Bill, suggestion before you post next week`s blog ( Monday lunchtime ?) Check with your newsteam to see if there are important burning issues that might be on your listner`s minds. Last monday we had the huge news of BMW at Cowley and what did you post ? A metal man on a roof in Oxford. Proactive is always better than reactive.

Guilty
I must make an unreserved apology for all the wonderful blogs and e mails I have sent to you. I have just learnt that sending a blog or email to you is the same, in energy terms / carbon footprint, as driving a car two miles up hill. I always thought it was hardwork. So goodb....

Sir Stan
Bill, you are self employed, an agency worker in all but name. How do your fellow BBC , directly employed, workers feal about that ? Are they happy that freelancers have better tax breaks than P.A.Y.E. employers ?

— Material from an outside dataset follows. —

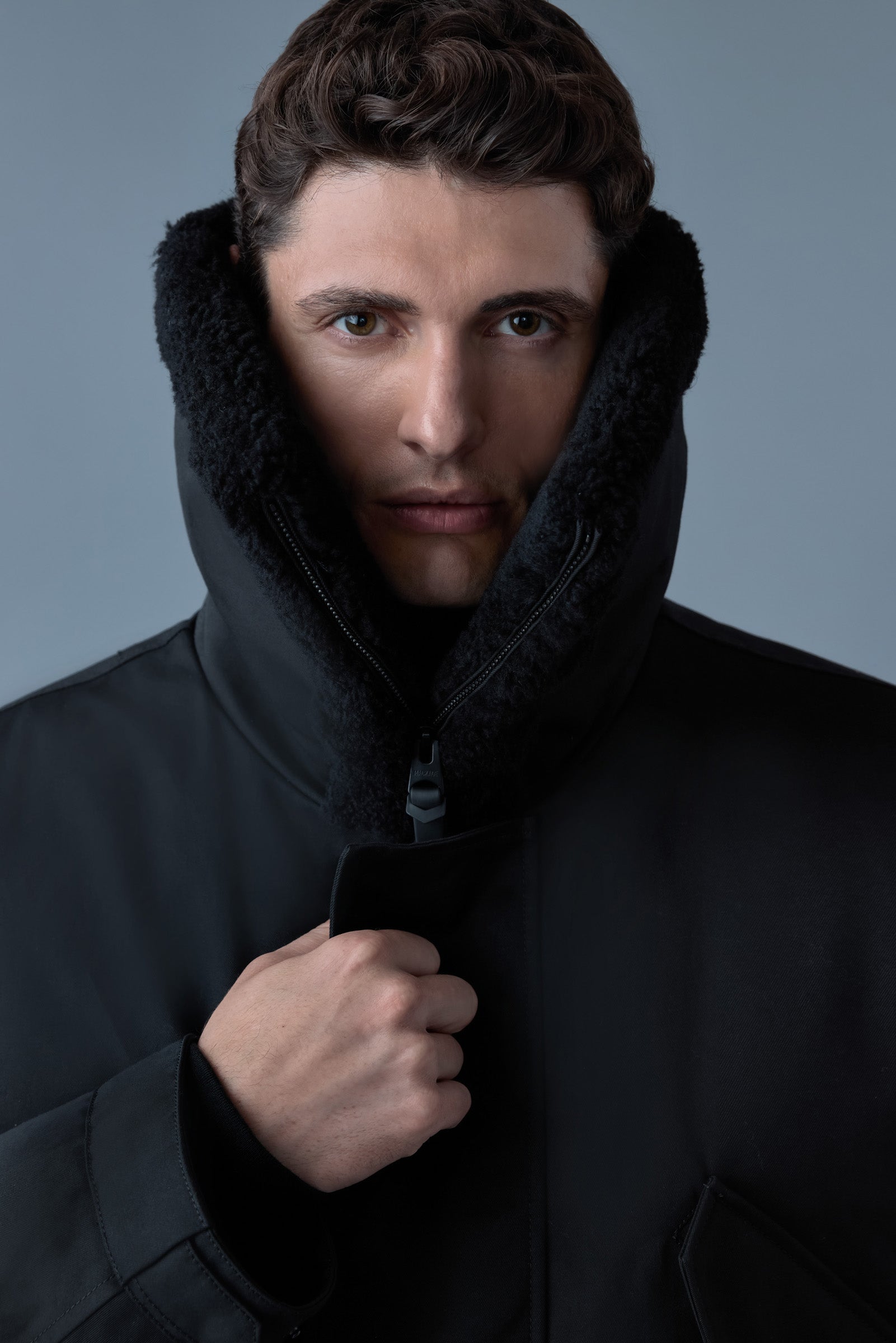 LEON Shearling Collar Down Parka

Héctor Adolfo Saavedra Molina
is very well, that is right see the autor.

David.
Gormley. I have been talking about Gormley for a decade to you and others. Incident on Crosby Beach Liverpool. I had been so looking forward to witnessing Gormley`s work on this bleak seashore. I had the chance and made an early morning visit. It was quite deserted except for another couple. You try to keep away from each other so that you don`t impede.Going back from the seashore we walked together to our cars. `What did you make of of it he asked ?` I said I wished I could bring people here to share this. He said yes, but it`s like jazz some people hear the music, others never can. I looked back and then when I got to my car they had gone..leaving me with my final reflections. The nice guy on the beach was David Bowie, a singer. I hope you hear the music Bill.

Gerald Walsh.
Bill, you are like a big fish in a little pond. ( BMW coverage monday night) You always want to attack the obvious slow moving worm in front of you. You never think there might be a bigger picture here. A hook, a line, a rod and somebody dangling all this in front of you. This is why you dissapoint. The true angler, he knows you are pridicable and once hooked, you can always be thrown back and you can be jerked out whenever it suits. Sad.

David
If BMW goes to the wall there will be thousands of ex-workers who have served the different owners over the last fifty years who will lose their pensions.

Richard Samuels
Well done,Bill.Job security for shop stewards.Looks like the brothers have been badly let down.Could be end of the union lie.

Rolfe
We are amazed that you have posted this item on the day that the workers ( or ex-workers) have been hit with a hammer blow at the Cowley Car plant.

Monika from Oxford
I think one shouldn't forget that without bmw many of those jobs hadn't been there in the first place, - surely England should also look at their employment laws to protect agency workers better. the behaviour of the unions are though strangely harmless it seems. good luck to all of the people who need to find work again.